1. Visual inspection of scatter plot
Checking the XY-scatter plot of your observations is the simplest way to evaluate whether your data may contain a necessary condition. When the values of the condition X increase horizontally to the right, and the values of the outcome Y increase vertically upwards, an empty space (spaces without observations) in the upper-left corner of the scatter plot may indicate that you have found a necessary condition.
2. NCA Calculator
Using the NCA Calculator on this website is another quick way to run a quantitative NCA analysis. If you upload a CSV file that contains your data (X = condition, Y = Outcome), the NCA calculator will run a simple NCA. The NCA calculator gives the effect size of the necessity of X for Y. When the effect size is greater than 0 (and in particular when it is above 0.1) you may have found a necessary condition.
3. NCA Software
You can use the NCA Software for R to run a complete NCA analysis. R is an open source programming language that is increasingly used for data analysis in different scientific fields, including the social sciences. It contains many statistical, mathematical and graphical functions that are also part of commercial statistical software such as SPSS and SAS. Additionally, R can run specific user-defined functions (“packages”). One such package is NCA. Only some basic knowledge about R is needed to run NCA with R. A Quick Start Guide is available (also here) to help a novice user without knowledge of R or NCA to perform an NCA analysis with R within 15 minutes.
Example
The example shows how NCA can be used to build or test necessity theory. The example has two parts: the first part shows a bivariate NCA (one X=condition, one Y=outcome), and the second part shows a multiple NCA (more than one X, one Y).
Bivariate NCA
Suppose that a researcher explores or tests a necessity theory about the relationship between a country's cultural values and a country's innovation performance, represented by the following necessity hypothesis:
H1 Individualism is necessary for Innovation performance.

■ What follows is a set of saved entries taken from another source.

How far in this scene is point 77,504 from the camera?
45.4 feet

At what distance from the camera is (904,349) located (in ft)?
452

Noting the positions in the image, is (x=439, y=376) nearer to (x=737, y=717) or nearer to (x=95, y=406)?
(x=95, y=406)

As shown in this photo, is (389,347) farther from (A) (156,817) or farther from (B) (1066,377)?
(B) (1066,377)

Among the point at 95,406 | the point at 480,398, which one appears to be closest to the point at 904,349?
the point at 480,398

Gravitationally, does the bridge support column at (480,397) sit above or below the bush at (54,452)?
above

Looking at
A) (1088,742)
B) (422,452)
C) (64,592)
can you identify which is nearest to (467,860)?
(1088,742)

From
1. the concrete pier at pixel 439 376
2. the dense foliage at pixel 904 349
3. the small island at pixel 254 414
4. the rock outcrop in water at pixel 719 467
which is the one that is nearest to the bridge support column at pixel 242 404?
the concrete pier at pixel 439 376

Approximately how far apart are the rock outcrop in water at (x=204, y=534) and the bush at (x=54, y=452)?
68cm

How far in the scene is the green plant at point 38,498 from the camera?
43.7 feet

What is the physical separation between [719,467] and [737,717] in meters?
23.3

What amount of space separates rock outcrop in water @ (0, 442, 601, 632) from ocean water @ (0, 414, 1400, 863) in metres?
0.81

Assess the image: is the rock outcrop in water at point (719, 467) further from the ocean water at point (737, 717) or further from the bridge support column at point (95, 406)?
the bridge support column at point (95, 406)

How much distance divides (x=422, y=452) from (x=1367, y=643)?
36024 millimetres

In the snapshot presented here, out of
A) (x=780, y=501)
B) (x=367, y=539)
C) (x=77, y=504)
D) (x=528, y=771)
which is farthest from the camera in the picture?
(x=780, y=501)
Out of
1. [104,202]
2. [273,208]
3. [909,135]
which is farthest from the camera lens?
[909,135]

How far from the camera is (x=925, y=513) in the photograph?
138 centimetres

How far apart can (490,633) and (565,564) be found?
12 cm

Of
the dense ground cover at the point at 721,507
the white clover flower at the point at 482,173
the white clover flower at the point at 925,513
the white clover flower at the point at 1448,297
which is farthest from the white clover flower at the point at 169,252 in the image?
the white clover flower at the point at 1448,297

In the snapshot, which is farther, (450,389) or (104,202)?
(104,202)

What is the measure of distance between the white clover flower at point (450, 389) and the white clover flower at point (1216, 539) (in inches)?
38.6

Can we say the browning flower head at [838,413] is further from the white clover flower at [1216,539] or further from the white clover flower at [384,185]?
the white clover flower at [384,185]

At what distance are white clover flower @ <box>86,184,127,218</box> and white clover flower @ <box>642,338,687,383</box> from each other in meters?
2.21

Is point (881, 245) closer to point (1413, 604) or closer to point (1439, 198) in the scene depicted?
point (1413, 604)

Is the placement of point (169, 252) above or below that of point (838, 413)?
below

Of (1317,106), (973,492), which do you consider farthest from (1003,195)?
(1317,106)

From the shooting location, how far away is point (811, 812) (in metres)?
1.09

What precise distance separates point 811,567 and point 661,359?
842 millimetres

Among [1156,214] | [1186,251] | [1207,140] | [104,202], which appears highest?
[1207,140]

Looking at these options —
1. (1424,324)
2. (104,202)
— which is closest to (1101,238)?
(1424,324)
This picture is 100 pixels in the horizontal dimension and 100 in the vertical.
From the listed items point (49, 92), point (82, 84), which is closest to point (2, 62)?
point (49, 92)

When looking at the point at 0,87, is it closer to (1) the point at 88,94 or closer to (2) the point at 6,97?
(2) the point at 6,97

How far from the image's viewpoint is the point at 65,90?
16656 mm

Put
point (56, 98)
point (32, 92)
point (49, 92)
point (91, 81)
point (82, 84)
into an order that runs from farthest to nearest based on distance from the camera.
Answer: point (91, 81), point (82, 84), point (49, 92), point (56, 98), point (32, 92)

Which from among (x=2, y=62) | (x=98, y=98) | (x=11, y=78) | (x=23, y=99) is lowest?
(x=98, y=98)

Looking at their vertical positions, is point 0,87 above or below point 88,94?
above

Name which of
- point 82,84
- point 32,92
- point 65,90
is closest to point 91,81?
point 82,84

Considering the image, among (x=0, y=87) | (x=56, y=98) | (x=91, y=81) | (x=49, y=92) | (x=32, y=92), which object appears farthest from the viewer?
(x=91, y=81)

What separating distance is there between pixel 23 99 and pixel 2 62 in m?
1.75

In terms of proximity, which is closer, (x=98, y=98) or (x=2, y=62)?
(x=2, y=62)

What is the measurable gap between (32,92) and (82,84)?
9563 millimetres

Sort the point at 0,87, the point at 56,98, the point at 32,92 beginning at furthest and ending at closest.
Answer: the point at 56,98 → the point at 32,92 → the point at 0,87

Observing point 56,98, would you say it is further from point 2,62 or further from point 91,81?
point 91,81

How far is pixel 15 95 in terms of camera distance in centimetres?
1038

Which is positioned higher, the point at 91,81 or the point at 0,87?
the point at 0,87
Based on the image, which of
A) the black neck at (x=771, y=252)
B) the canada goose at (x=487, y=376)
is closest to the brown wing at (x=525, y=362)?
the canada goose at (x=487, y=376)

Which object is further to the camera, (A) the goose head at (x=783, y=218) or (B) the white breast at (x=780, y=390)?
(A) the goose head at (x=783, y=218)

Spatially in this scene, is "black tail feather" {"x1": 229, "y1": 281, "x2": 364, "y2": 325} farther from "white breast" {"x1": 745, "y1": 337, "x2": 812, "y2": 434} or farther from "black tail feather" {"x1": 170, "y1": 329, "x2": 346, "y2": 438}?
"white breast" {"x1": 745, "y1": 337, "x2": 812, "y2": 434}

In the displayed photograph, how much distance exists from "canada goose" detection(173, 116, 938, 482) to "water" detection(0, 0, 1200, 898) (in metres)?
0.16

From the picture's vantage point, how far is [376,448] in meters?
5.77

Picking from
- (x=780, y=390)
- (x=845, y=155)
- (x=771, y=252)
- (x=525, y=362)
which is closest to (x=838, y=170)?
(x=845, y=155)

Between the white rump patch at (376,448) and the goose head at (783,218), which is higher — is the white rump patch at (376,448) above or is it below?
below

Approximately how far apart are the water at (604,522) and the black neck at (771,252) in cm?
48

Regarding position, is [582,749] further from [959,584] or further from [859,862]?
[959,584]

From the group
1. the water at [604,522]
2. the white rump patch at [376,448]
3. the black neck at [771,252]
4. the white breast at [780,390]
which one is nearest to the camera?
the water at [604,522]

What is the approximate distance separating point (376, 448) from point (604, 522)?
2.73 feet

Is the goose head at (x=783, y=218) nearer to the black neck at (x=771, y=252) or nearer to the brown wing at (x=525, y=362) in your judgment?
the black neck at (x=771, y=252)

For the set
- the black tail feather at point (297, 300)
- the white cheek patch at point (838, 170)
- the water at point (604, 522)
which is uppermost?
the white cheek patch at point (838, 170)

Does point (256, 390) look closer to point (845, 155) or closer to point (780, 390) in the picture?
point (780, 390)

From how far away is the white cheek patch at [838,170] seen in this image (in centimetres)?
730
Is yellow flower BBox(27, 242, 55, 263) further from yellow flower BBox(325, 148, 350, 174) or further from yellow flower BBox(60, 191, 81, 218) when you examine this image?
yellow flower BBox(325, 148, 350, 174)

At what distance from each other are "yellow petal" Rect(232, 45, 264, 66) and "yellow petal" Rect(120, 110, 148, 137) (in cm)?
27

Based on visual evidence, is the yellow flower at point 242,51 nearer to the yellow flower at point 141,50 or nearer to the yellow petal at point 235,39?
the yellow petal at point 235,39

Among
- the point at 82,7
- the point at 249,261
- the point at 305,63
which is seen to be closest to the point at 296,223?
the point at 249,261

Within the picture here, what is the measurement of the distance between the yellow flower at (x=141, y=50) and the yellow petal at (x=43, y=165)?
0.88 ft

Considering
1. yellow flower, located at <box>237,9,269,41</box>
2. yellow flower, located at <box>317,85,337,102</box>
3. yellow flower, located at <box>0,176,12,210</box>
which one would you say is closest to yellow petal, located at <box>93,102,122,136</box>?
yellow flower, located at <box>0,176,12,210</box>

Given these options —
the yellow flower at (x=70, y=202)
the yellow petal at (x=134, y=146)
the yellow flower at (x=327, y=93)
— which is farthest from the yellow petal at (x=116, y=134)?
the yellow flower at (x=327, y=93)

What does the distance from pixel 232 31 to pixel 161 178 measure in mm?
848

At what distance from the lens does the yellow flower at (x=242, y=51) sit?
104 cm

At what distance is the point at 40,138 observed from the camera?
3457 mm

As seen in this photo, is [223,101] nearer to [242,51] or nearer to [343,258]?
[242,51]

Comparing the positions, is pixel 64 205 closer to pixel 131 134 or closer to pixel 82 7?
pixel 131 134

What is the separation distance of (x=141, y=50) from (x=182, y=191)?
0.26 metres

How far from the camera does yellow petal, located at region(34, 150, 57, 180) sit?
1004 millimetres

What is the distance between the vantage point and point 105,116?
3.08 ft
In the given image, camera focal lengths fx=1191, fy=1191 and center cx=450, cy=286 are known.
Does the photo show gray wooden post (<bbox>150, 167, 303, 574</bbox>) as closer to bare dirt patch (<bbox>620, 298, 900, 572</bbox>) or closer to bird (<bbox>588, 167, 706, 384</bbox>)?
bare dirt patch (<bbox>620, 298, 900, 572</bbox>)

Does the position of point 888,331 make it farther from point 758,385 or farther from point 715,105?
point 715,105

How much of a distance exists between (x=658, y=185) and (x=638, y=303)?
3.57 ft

Note that usual hypotheses such as “If individualism is higher, then (it is likely that) Innovation performance is higher” are sufficiency hypotheses. Note also that commonly used general hypotheses (“Individualism has an effect on Innovation performance”, “Individualism is associated with Innovation performance”, “Individualism affects Innovation performance”, etc.) are interpreted as sufficiency hypotheses, although they could also be interpreted and specified as necessity hypotheses.
Suppose that the sample consists of 28 countries (for which data are available for the independent and dependent variables).
Measurement
Suppose that the scores of Individualism are obtained from Hofstede's (1980) cultural dimensions, and the scores of a country's innovation performance from Gans and Stern's (2003) innovation index, and that these scores are valid and reliable.
In six steps (Dul, 2016, Tables 3 and 4) a necessity hypothesis can be explored or tested with NCA:
Step 1: Make the scatter plot.
Make a XY scatter plot for (X=Individualism, Y=Innovation performance) with X axis ‘‘horizontal’’ and the Y axis ‘‘vertical’’ and values increase ‘‘to the right’’ and ‘‘upward.’’ The example scatter plot is displayed below.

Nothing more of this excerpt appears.